CHAPTER 1 ■ WHY IS SECURE PROGRAMMING A CONCERN?
7
• Spam: Spam is the sending of unsolicited (and often unwelcome) messages in
huge quantities. It is an automated attack of a different sort, because it gives the
appearance of being normal, albeit excessive, usage. It doesn’t take long for users
to be trained to recognize spam (or at least most spam); it takes servers (which
carry out the hard work of transfer) quite a bit longer. But spam causes both to
suffer from an unwelcome burden of service.
• Automated user input: Other kinds of attacks automate the providing of input
(supposedly from users) in various settings.

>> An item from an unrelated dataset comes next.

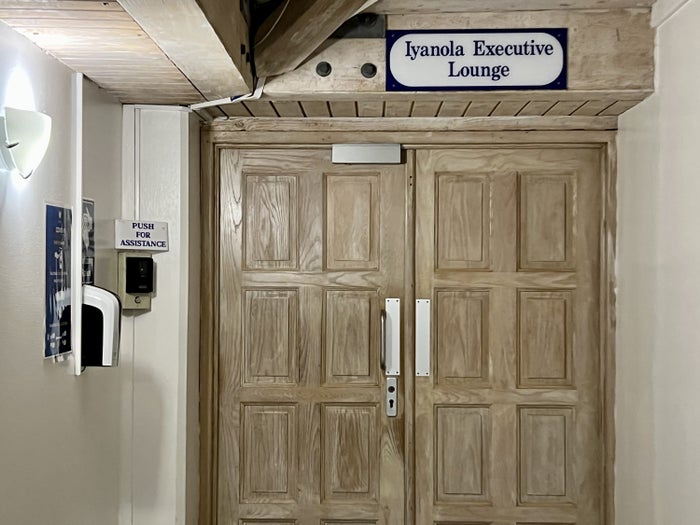 British Airways Boeing 777 200 Club World UVF Iyanola Executive Lounge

• An organization running Internet portal services might decide to attract
users by offering free services like email accounts or offsite storage. Such
services are extremely attractive both to legitimate users and to abusers,
who could, for example, use free email accounts to generate spam.

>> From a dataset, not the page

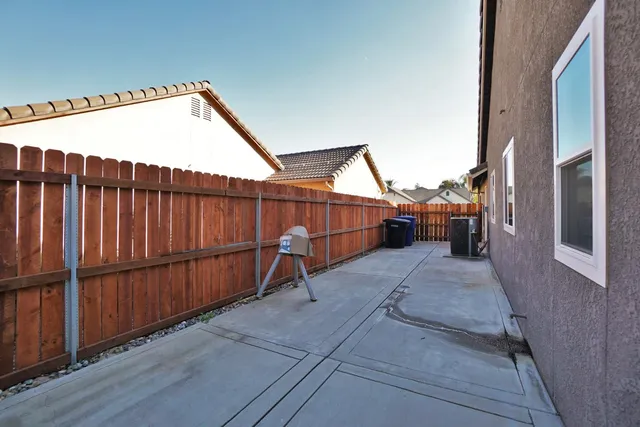 $500,000 | 1894 West Tudor Lane, Hanford, CA 93230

• Political or public interest organizations might create a web application
where users are allowed to express their preferences for candidates and
issues for an upcoming election. The organization intends to let users’
expressed preferences guide public opinion about which candidates are
doing better than others, and which issues are of more interest to the public.
Such online polls are a natural target for a malicious organization or
individual, who might create an automated attack to cast tens or hundreds
of thousands of votes for or against a particular candidate or issue. Such
ballot stuffing would create an inaccurate picture of the public’s true
opinions.
• An organization might create a website to promote interest in a new and
expensive product, an automobile, a piece of electronic equipment, or
almost anything. It might decide to create interest in the new product by
setting up a sweepstakes, where one of the new products will be given away
to a person chosen by random from among all those who register. Someone
might create a robotic or automated attack that could register 10,000 times,
thus increasing the chances of winning from, say, one in 100,000 (0.001%) to
10,000 in 110,000 (9.99%).
• It is not at all unusual for certain kinds of web applications to provide the
capability for users to leave comments or messages on a discussion board or
in a guestbook. Stuffing content in these kinds of situations might seem
innocuous, since that input seems not to be tied to actual or potential value.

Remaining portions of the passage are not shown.